Von der 600jährigen Geschichte der Beilsteiner Judengemeinde
Was den wenigsten Beilstein-Besuchern bewußt ist, das Städtchen besitzt eine ehemalige Synagoge in der Weingasse 13, die im Kern wohl aus dem beginnenden 14. Jahrhundert stammt und auf etwa 600 Jahre jüdisches Leben in Beilstein verweist.
Johann von Braunshorn – Herr zu Beilstein – erhielt 1309 vom deutschen Kaiser Heinrich VII das Recht 10 jüdische Familien in sein gerade gegründetes Städtchen Beilstein anzusiedeln.
Diese 10 jüdischen Familien flüchteten aus dem Oberweseler Raum, wo sie ihres Lebens nicht mehr sicher waren. (1287 wurde dort der 16 jährige Weinbergsarbeiterjunge Werner ermordet.
Den Mord dichtete man den örtlichen Juden als Ritualmord an und es kam in der Folgezeit zu schlimmen Verfolgungen und Pogromen durch haßerfüllte christliche Eiferer.
Die Volksfrömmigkeit machte ihn zum Märtyrer und alsbald wurde er als „Heiliger Werner von Oberwesel / Bacharach“ verehrt und somit eine antisemitische Legende gesponnen, die leider erst 1963 durch das Streichen des „Werner-Kultes“ im Kalender der Diözese Trier ein offizielles Ende fand.
Doch noch immer findet sich in vielen deutschen Heiligenverzeichnissen der
„Heilige Werner von Oberwesel„.
Es bildet den Marktplatz und das Zehnthaus im letzten Drittel des 19. Jahrhunderts ab. Erst als ich die Aufnahme und die abgebildeten Personen stark vergrößerte, entdeckte ich die Besonderheit in der Kleidung des kleinen Jungen, der dort auf dem Karren hockt.
Es handelt sich offensichtlich um einen Jungen, der einen Kaftan und einen Strejml oder Kolpik trägt. Ein Kolpik ist eine traditionell von besonders frommen, zumeist osteuropäischen, chassidischen Juden getragene Kopfbedeckung. Sie wird von Jungen bzw. unverheirateten Männer am Shabbat getragen.
Eine derartige Kopfbedeckung war zum Ende des 19. Jahrhunderts in den jüdischen Landgemeinden des Moselraumes absolut unüblich. Zwei Erklärungsmöglichkeiten bieten sich hier an. In den Jahren 1863 bis 1867 hat die jüdische Gemeinde zu Beilstein für den Schulbetrieb wohl recht verzweifelt einen jüdischen Lehrer gesucht.

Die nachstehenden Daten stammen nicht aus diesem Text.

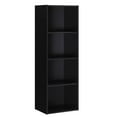 thumbnail image 1 of Pemberly Row Four Shelf Multi-Purpose Wooden Bookcase in Black Finish, 1 of 5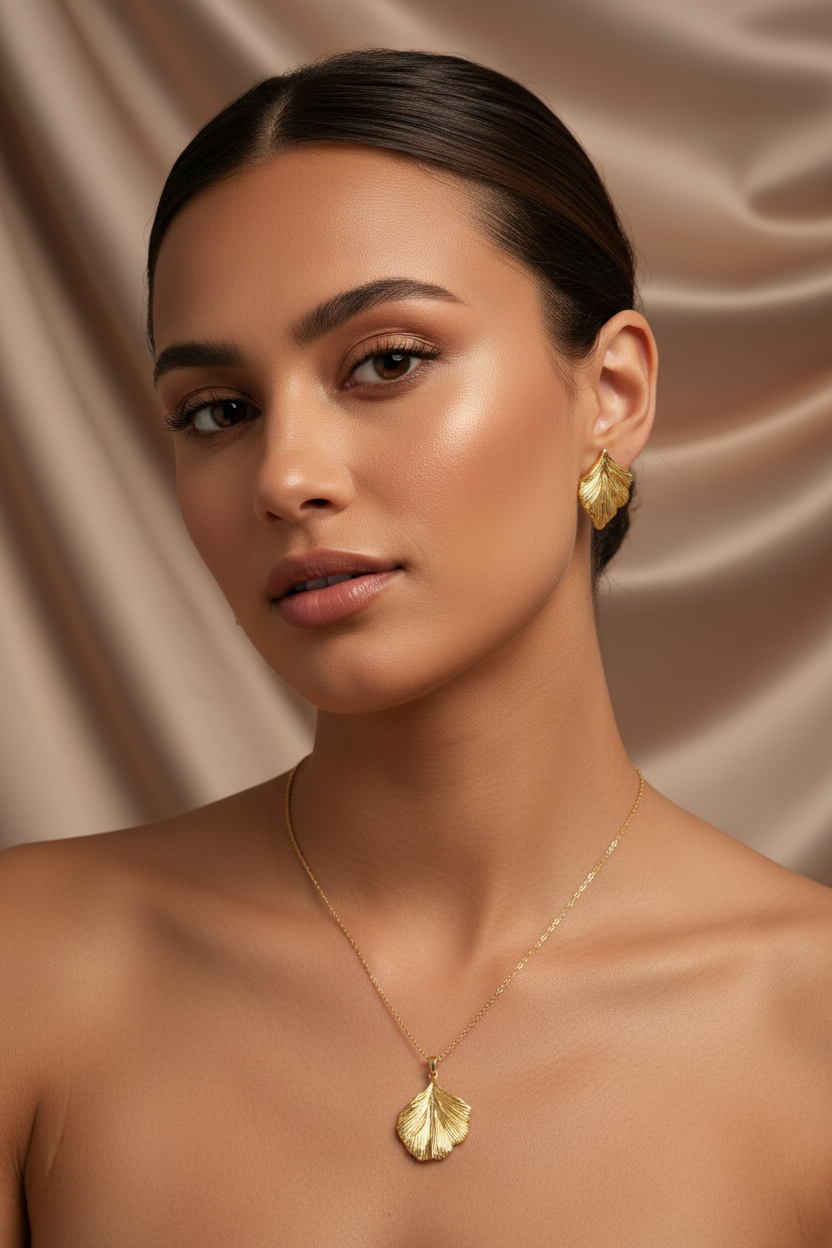Model wearing the 18K Gold Plated Textured Ginkgo Leaf Pendant Necklace and Earring Set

Allgemeine Zeitung des Judenthums 11.8.1863

Allgemeine Zeitung des Judenthums 2.8.1864

Allgemeine Zeitung des Judenthums 2.7.1867
Ein zeitgenössisches und stark antisemitisch gehaltenes Gedicht des damaligen Beilsteiner Pfarrers von Freihold zeigt auf, daß Beilsteiner jüdischen Glaubens auch nach fast 600 Jahren in Beilstein immer noch von vielen Zeitgenossen als „schlimmer Fremdkörper“ und als zutiefst unerwünscht im Dorf betrachtet wurden. 1895 leben noch 39 Juden, 1925 nur noch 7 Juden hier im Ort. Es war somit kein Minjan mehr vorhanden. ( Mindestanzahl von zehn erwachsenen Männern als Beter um einen jüdischen Gemeindegottesdienst feiern zu können).
Die zwei angebotenen Schauforim sind Widderhörner, die als Blasinstrument zum jüdischen Neujahrsfest geblasen werden. Zu diesem Zeitpunkt hatte wohl schon einige Jahre in der Beilsteiner Synagoge kein eigener Gottesdienst mehr stattgefunden und der Vorstand der israelitischen Gemeinde (vertreten durch Karl Koppel, den ich im Folgenden noch näher vorstellen werde) versuchte Gegenstände zu verkaufen, die ohne das Abhalten von regelmäßigen jüdischen Gottesdiensten keinen Sinn mehr machten.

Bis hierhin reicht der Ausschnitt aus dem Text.